▸ **WHAT YOU NEED TO DO**
Could you write out, exactly, every line from the top of the data through the line holding "Apr 3, 2024;"? Omit the pictures.

(GIVEN DATA)

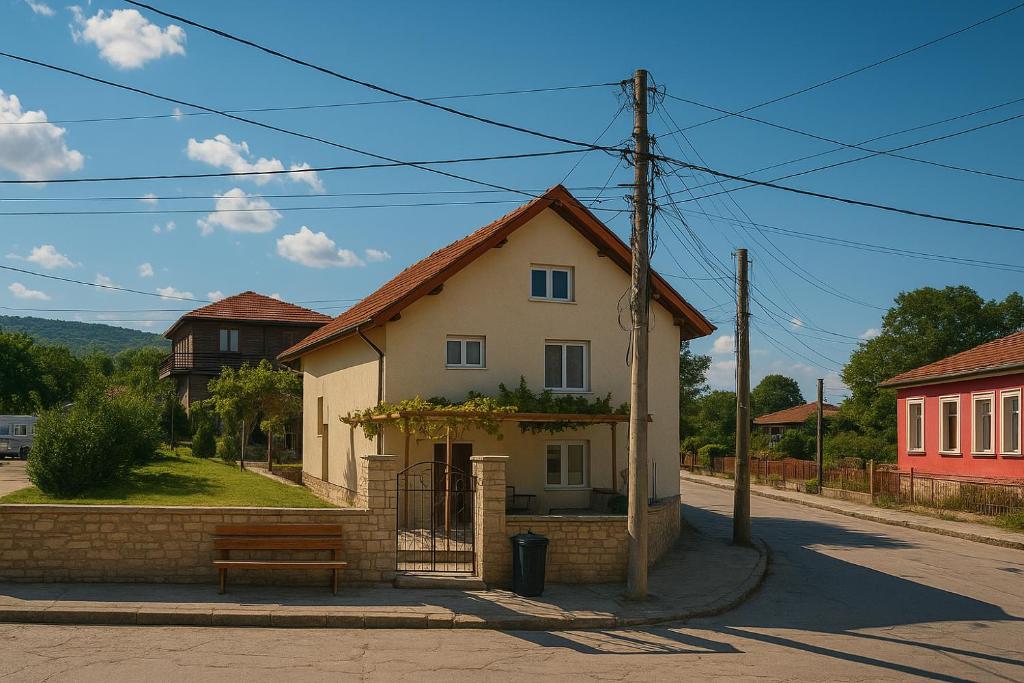 a small white house on the side of a street at Стаи за гости - Дара Девня 1 in Devnya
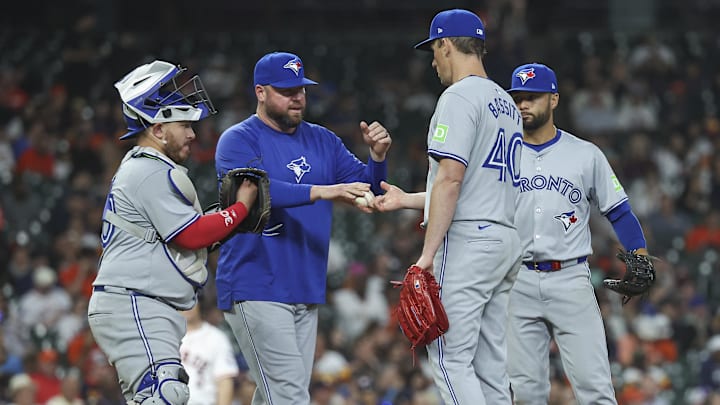 Apr 3, 2024; Houston, Texas, USA; Toronto Blue Jays starting pitcher Chris Bassitt (40) hands the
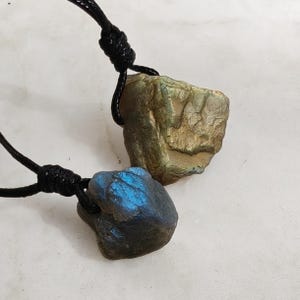 Close-up of two raw irregular Labradorite in shades of blue, teal, and golden brown, resting on a light stone surface. The Labradorite gemstones have a natural rough texture with strong iridescent flashes, visible striations, and layered color play with reflective highlights. They are secured with a top knot and attached to black cords with adjustable knot closure. Labradorite is associated with transformation, protection, intuition, and inner strength.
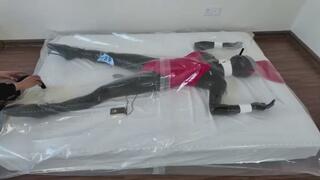 Latex ballet shoe doll in a vacuum bed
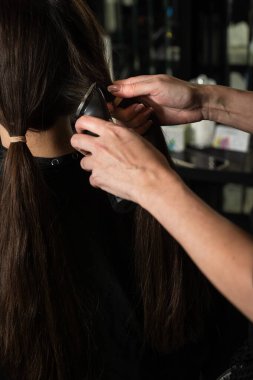 Kuaför esmer bir müşteriye kestirme yol yapıyor. Yeni bir kısa saç modeli yaptırıyorum. Saç kesme makinesi kadın saç stilleri için.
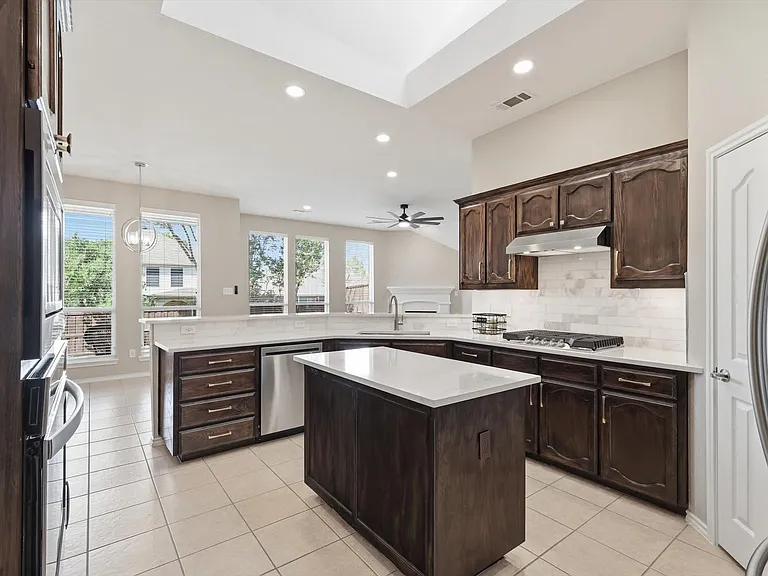 Expansive kitchen featuring dark wood cabinetry, white countertops, tile flooring, stainless steel appliances, and a central island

(End GIVEN DATA)

▸ **RESPONSE AREA**
 a small white house on the side of a street at Стаи за гости - Дара Девня 1 in Devnya
 Apr 3, 2024; Houston, Texas, USA; Toronto Blue Jays starting pitcher Chris Bassitt (40) hands the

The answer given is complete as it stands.